I applaud Arlington Public Schools’ (APS) recent announcement that it plans to defer consideration of Lubber Run Park as the site for a new school. Construction of new schools on parkland should be permanently ruled out, since Arlington has lost too much green space already. However, the prospect of tearing down the existing historic Wilson School to make way for a 1,300 seat secondary school in an already congested Rosslyn neighborhood, strikes me as bizarre. Wilson School should be preserved and renovated as an elementary school, the way it was designed.

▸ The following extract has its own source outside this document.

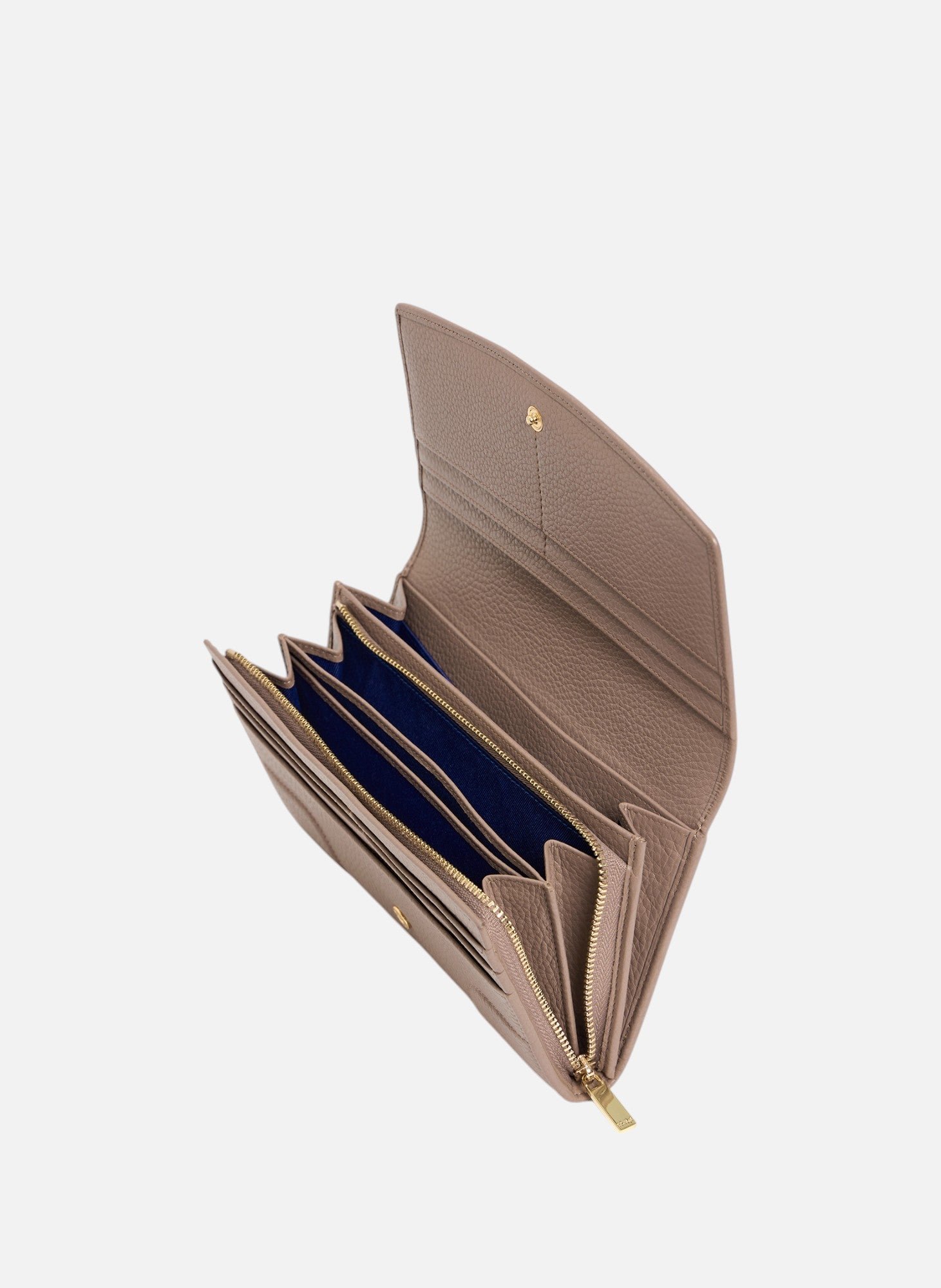 Grand portefeuille à rabat romy en cuir grainé LE TANNEUR Gris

Also I’m concerned about the April 23 More Seats for Students presentation’s counter-intuitive claim that “new construction options are more cost effective than renovations/additions by about $30,000,000.” That’s like telling a homeowner that it’s cheaper to tear down his existing house and build new rather than construct an addition to his home. Yet this assumption governs how APS is going to increase classroom capacity over the next five years.
APS ought to explain to County Board and the taxpayers how the estimates for new school construction were derived. County Board and APS ought to review the methodology employed to develop these numbers. Otherwise taxpayers have no way of knowing whether they are getting the best value for their dollar.
Moreover I’m concerned that the presentation makes no mention of how modular design techniques might reduce the cost of new school construction. Alexandria City Public Schools (ACPS) emphasizes modular design. A recent PowerPoint presentation available on the web indicates that ACPS is adding more classrooms at a lower estimated cost than APS.
APS needs to follow Alexandria’s example and trim its capital budget. The 2014 Washington Area Boards of Education (WABE) Guide indicates that APS spends $5,000 more per pupil than Fairfax County ($18,880 v $13,472). Yet Fairfax County’s Thomas Jefferson High is the 4th ranked high school in the nation and the top school in Virginia.
Also its dropout rate is lower and on time graduation rate higher. So clearly Fairfax County residents are getting more for their education dollar than Arlington residents.